== HOW TO COMPLETE THIS TASK ==
Set down, word for word, the line with "Round Neck Mermaid" and the lines after it through the final line of the data below, without pictures.

== EXERCISE DATA ==

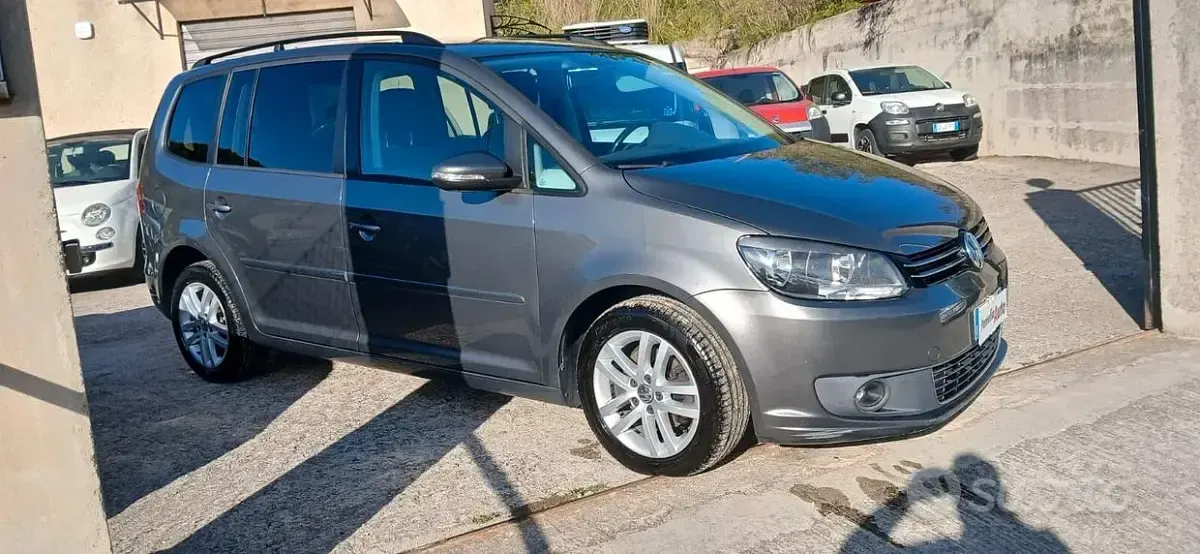 Begagnad VW Touran Comfortline 105 HK (77 kW) 2014 Grå Minibuss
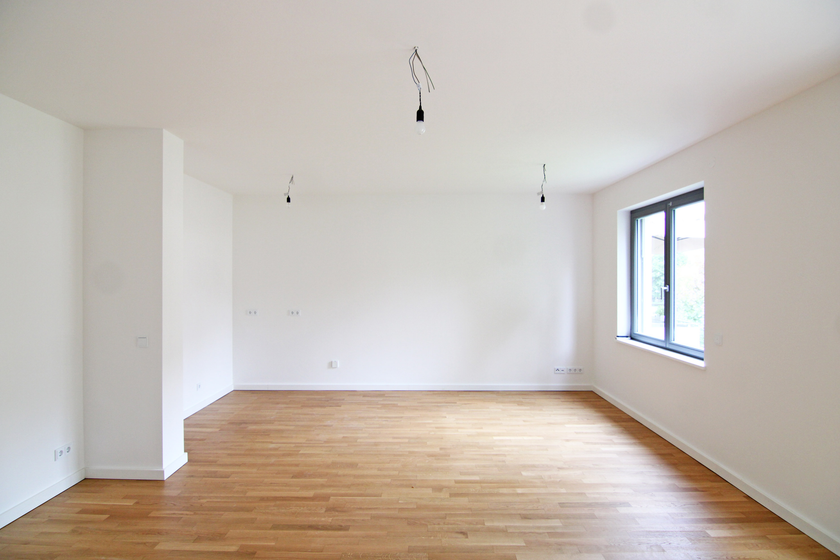 Geräumiges Wohnzimmer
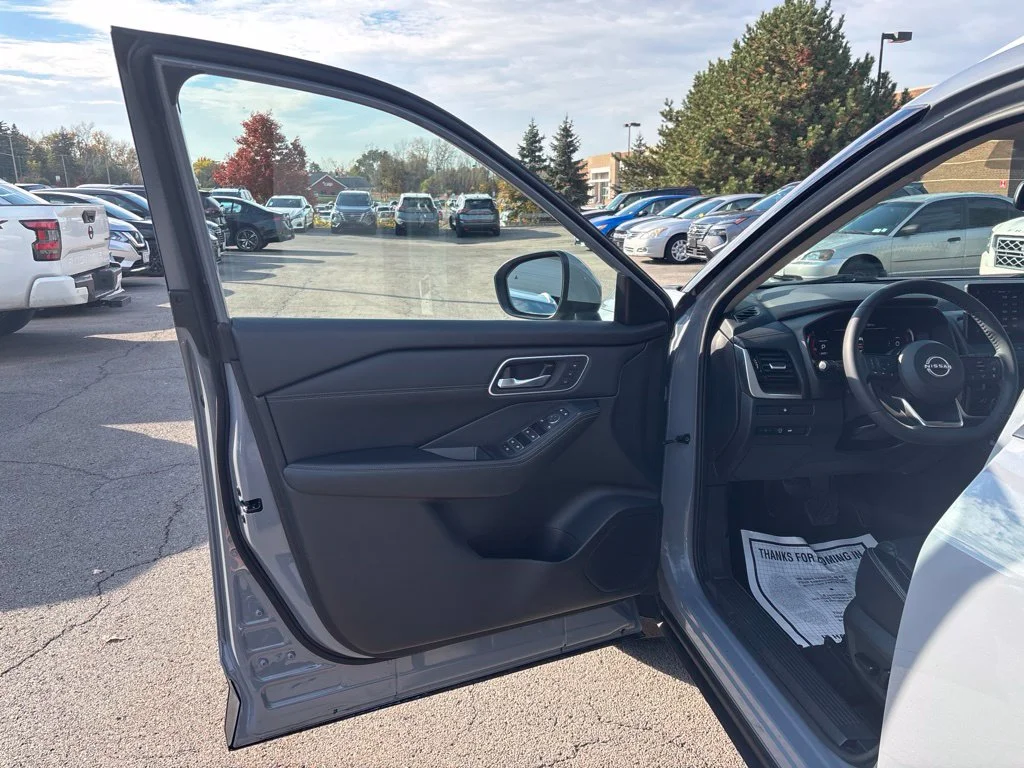 Used 2024 Gray Nissan Platinum image 16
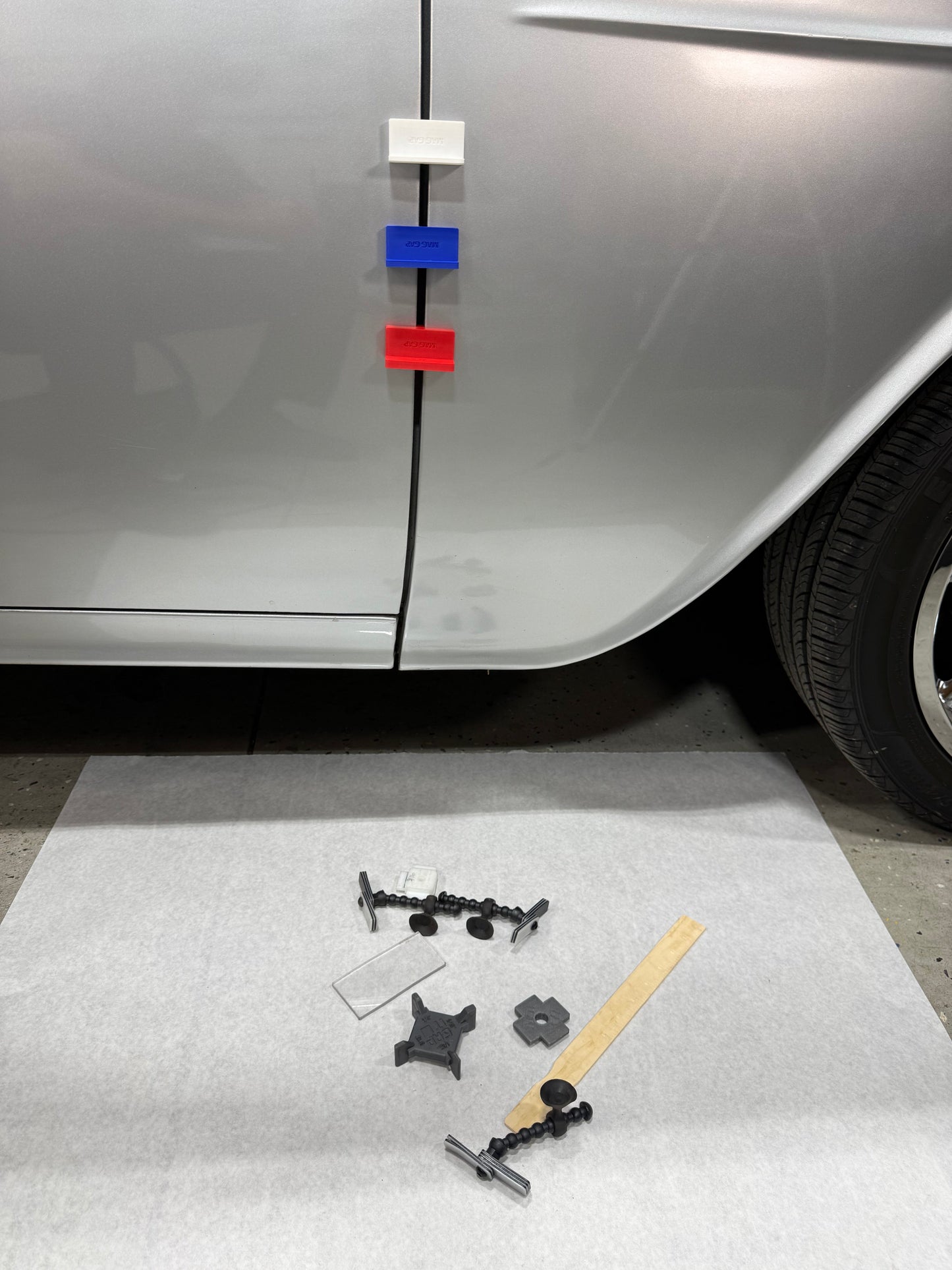 Mag Gap-magnetic body panel gapping tool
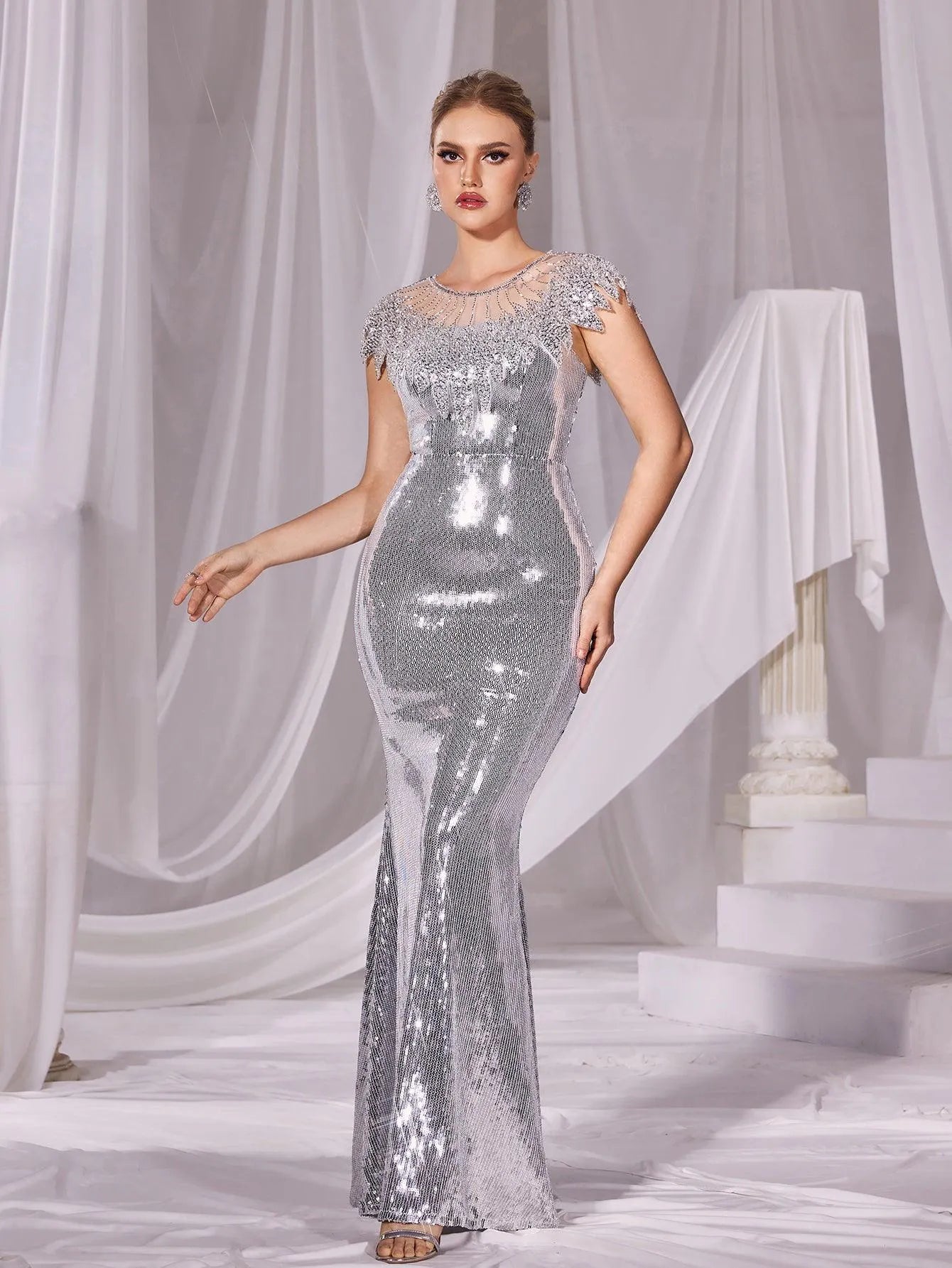 Round Neck Mermaid Hem Sequin Evening Dress - Elonnashop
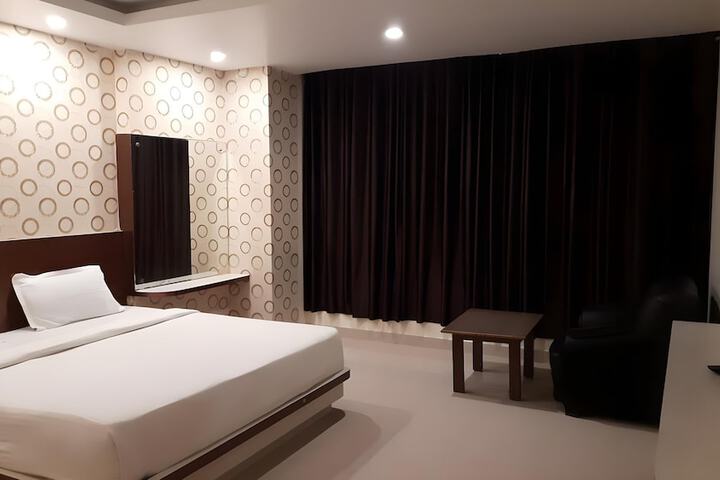 Room 15 of 36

== WRITTEN SOLUTION ==
 Round Neck Mermaid Hem Sequin Evening Dress - Elonnashop
 Room 15 of 36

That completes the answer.